You guys. Someone please explain to me the allure of Pinterest.
I can’t take it in. Refuse to. I find it supremely difficult to keep a good enough home, feed my family good enough food, and dress everyone in good enough outfits without keeping a file of ways to do these things PERFECTLY and FABULOUSLY and AMAZINGLY in my mental/computer file.
I don’t want to be perfect or fabulous or amazing. I just want to be good enough with a little relaxing time left over.
And here’s the other thing- I’ve never even made my children an ugly pancake. And now folks are posting pictures of month-long projects during which they create a different pancake animal theme each morning.
And by the way, what happened to bananas for breakfast?? And why aren’t you people freaking out in the morning and frantically searching for socks and lunch boxes and generally ruing the day you were born every morning like I am?
And while we’re on the subject of morning . . . what’s wrong with bananas for breakfast!? They’re healthy, cheap, delicious without cooking, and they come with their own wrapper. That’s good stuff. Are we too good for BANANAS?
Now listen, I had this banana vs “Noah’s Ark pancakes” for breakfast conversation with a dear friend who eats, sleeps, and breathes Pinterest. I told her about my banana-solution-to-all-culinary-challenges thing. And she listened politely. She seemed to understand. And the next day she sent me a picture of her kids with bananas on their plates. I smiled. But then I immediately stopped smiling because I noticed that the bananas SAID STUFF ON THEM. One kid’s banana said “GOOD MORNING, HONEY” and the other’s said “RISE AND SHINE, SUNSHINE!” on it. In black letters.
And so I wrote back to my friend and said “what the sam hill is on your bananas?”
And she told me that on PINTEREST she learned that if you write letters with a tooth pick on a banana peel at night, the letters will magically appear on the banana in the morning.
Do you see what happened there?
Pinterest ruined bananas.
Now we’re all going to have to write NOTES on our bananas and if we hold out, our kid will be the boring banana kid. Unloved, really.
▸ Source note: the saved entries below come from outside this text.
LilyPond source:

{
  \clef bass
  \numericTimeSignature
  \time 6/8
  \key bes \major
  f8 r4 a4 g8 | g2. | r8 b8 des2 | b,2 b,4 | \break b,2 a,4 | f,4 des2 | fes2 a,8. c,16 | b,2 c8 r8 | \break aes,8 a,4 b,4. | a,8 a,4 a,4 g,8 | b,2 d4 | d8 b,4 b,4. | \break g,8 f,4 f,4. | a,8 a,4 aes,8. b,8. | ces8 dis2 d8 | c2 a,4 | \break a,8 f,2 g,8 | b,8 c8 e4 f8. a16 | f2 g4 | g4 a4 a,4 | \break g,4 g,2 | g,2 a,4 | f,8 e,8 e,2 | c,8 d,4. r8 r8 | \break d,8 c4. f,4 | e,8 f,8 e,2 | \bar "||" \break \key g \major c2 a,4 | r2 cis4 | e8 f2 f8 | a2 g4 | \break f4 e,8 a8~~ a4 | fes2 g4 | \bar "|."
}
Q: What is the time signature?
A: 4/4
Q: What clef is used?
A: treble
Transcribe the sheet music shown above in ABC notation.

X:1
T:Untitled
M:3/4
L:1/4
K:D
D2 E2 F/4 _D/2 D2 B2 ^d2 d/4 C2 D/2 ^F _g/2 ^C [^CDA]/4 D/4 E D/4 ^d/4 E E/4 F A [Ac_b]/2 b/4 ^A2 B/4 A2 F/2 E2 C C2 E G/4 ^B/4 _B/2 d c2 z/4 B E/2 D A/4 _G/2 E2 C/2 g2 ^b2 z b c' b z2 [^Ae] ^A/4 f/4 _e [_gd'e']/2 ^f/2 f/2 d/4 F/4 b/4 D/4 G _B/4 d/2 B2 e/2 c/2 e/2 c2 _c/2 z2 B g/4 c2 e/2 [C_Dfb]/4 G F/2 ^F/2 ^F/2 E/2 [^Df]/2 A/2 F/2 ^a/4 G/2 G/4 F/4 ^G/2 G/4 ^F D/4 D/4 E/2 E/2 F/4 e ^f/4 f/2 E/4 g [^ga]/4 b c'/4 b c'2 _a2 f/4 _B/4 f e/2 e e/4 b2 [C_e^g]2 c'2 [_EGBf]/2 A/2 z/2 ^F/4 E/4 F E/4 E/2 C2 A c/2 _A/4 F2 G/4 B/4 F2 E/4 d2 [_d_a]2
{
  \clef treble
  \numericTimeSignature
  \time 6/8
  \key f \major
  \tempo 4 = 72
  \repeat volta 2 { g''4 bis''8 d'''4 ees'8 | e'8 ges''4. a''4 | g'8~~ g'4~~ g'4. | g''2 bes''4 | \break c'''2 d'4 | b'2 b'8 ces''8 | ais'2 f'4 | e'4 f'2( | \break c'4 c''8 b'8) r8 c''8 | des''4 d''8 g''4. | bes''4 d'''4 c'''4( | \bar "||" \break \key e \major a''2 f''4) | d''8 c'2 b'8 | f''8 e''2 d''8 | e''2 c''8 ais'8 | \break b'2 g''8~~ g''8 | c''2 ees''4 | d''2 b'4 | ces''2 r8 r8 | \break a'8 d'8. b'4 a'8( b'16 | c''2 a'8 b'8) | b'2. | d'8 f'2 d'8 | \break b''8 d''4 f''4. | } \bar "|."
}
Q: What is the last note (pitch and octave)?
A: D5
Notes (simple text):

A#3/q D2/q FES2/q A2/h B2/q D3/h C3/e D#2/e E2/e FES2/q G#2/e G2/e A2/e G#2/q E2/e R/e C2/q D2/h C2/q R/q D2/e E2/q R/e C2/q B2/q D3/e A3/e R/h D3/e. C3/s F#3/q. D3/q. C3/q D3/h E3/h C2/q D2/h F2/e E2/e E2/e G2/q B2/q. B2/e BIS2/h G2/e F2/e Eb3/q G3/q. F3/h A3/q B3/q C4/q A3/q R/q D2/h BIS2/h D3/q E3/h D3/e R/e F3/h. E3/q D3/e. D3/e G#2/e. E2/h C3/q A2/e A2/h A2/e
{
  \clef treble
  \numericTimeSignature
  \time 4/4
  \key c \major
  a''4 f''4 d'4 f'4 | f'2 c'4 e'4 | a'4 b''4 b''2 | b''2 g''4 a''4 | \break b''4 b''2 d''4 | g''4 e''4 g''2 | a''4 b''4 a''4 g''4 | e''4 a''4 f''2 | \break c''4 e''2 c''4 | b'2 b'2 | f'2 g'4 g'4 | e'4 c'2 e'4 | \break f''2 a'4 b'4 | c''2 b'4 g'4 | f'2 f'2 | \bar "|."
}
Now. Having said all of this, I should mention two things:
- Most of my friends love Pinterest. I love my friends. If you love Pinterest, I love you too. Please feel free to make my kids some stuff.
- I’ve never actually BEEN on Pinterest. I tried once, but it said I needed an invitation to join and I felt like that was kind of snooty so I never went back.
- Even so, Momastery has a Pinterest account. My dear friend Allison whipped up some of our quotes and favorite books and all kinds of inspiring, wonderful (not-panic-inducing) things and put them on there. I’ve never seen our account but I’ve heard it’s lovely. You should definitely go there — Allison says it’s here. I’m not so sure how to get myself there, but if I ever do go, I’m definitely going to add some texty bananas and my gourmet nuggets.
- That’s all I got. There’s a great article below about the Pinsanity. We’re in it.
That was four things.
Pin On, Warriors.
I guess.
Love, G
P.S. In the [P]interest of doing something kind and easy for yourself today . . . 25% off all Momastery gear! And it’s all already made! PLUS, EVERY PENNY GOES TO MAINTAIN YOUR MOMASTERY! (When they’re gone, they’re gone. We must rest.).
PPS. I think the tone of this essay is a bit defeated and snarky and while I’m too tired to rewrite the darn thing I just wanted to acknowledge that. I love you love you love you Pinteresty crafty friends. You know that right? I’m just trying to resist our culture’s recent suggestion that the best way to be a good mom is through intricate crafts and expensive decor and fabulous outfits. That is ONE way to express oneself as a mother – just not at all the only way. Perhaps I should have just SAID that instead of all the stuff about bananas and pancakes. There are a million ways to kneel and kiss the ground, and making beautiful pancakes for your babies is DEFINITELY one of them.